METHANE? WHAT METHANE?
We've just talked about 2012 setting a new record for greenhouse gas emissions. The Global Carbon Project measures only emissions from fossil fuels, not from things like deforestation or agricultural emissions. And this projection does not include, as emissions coming from the Arctic that we will discuss in this program.
A new report released in late November by the United Nations Environment Program says the IPCC MUST report on melting permafrost and methane, including a special report if needed. Yet I've spoken by email with some IPCC reviews who assure me the Arctic methane emergency is NOT included in the upcoming Intergovernmental Panel reports coming out in 2013 and 2014. Again, the IPCC is far beyond not just the science, but actual climate change known to be happening already.
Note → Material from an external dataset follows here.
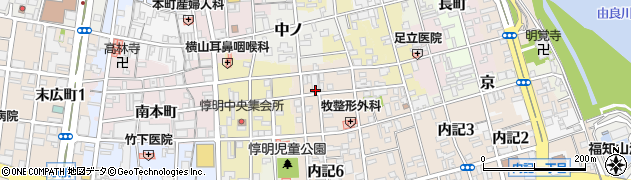 京都府福知山市内記６丁目北周辺の地図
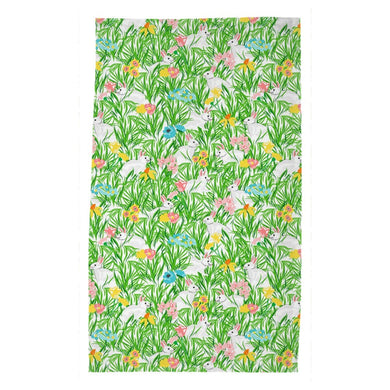 *IN STOCK* Bunnies in the Garden Poly Twill Tea Towels, Set of 2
"ARCTIC METHANE: WHY THE SEA ICE MATTERS" FILM
Let's hear what the Arctic Methane Emergency Group has to say in their new film "Arctic Methane - Why the Sea Ice Matters” This compilation of experts includes Dr. Peter Wadhams of Cambridge University, NASA scientist James Hansen, Natalia Shakhova from the International Arctic Research Center at the University of Alaska Fairbanks, and David Wasdell, founder of the Apollo-Gaia Project. The short film was put together by Nick Breeze and Bru Pearce of the new climate communication group Envisionation.
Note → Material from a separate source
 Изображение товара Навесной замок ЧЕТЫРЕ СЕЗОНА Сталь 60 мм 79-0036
We start with Peter Wadhams, who has been measuring and exploring the Arctic ice for decades. He is president of the International Association for the Physical Sciences of the Ocean Commission on Sea Ice, and head of the Polar Ocean Physics Group at Cambridge University in England.
Find links to all this in at the Emergency Group web site at www.ameg.me
FEATURE INTERVIEW: PAUL BECKWITH
Paul H. Beckwith
Our feature is with Paul Beckwith, a man trained in both engineering and physics, but now devoting himself to the challenge of climate change and climate science. I reached him at the University of Ottawa.
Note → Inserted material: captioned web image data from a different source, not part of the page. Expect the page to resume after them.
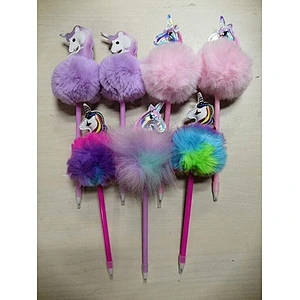 Resin pompom pen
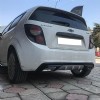 Chevrolet Aveo HB Difüzör Difizör Gri + Kare Egzoz Görünüm C Tip 2012 - 2016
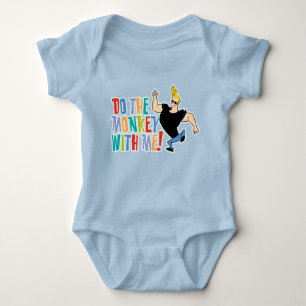 Johnny Bravo - Do The Monkey With Me! Baby Bodysuit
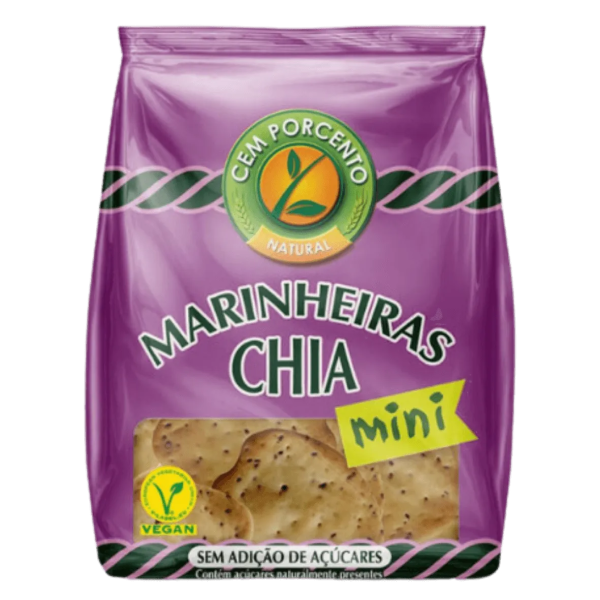 Cem Porcento - Mini Marinheiras Chia 50 Gr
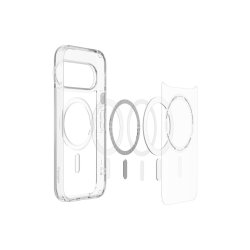 Spigen Ultra Hybrid MagSafe-cover til Google Pixel 11 Pro XL Transparent / White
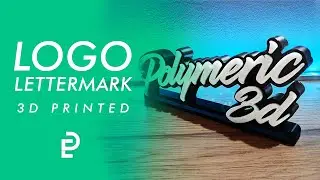 Logo lettermark 3D Printed | Logo stampato in 3d!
We talk about too many things to list here. In just one instance, I finally understood how changes in the Arctic could create the strange weather patterns we've been seeing all over the Northern Hemisphere. Expect to see a lot more. Don't miss the interview.
After our interview, I checked out the methane maps which show red hot spots hovering over the Arctic, where the gas is leaking out at faster rates. I wondered if that could cause regional warming. Paul responded to my email question saying, quote:
"Yes, methane can accumulate in the atmosphere over the Arctic and affect regional weather there, causing localized warming. A strong polar vortex, with mostly zonal jet streams (moving west to east, very little meridional (north to south) waviness) acts to confine atmospheric gases to that region. More meridional or wavy jet streams with more north-south waviness will not confine the methane as well. Over time, the concentrations would equilibrate throughout the atmosphere; faster with meridional jets and slower with zonal jets.
Since the global warming potential of methane is as high as 170 on short timescales of a year of so then it would contribute to warming there. How much? Well CO2 measurements in the Arctic have reached 400 ppm. Methane flask measurements (Barrow and Svalbard) reached 2200 ppb (=2.2 ppm). Since 2.2 x 170 = 374 ppm CO2e. So the methane there is providing the same radiative forcing as the CO2 there. No way this can be neglected by the IPCC; that would be incredibly misleading and dangerous. It is even at today’s levels the same as the CO2 forcing in the region.
Another way to look at the confinement is directly via the coriolis force (which results in the jets, so same thing really). The coriolis force deflects moving objects to the right in the northern hemisphere (to the left in the southern hemisphere); it is zero at the equator (reason why no hurricanes form right near equator). It is maximum right at the pole on the axis of rotation. This confines air to the Arctic.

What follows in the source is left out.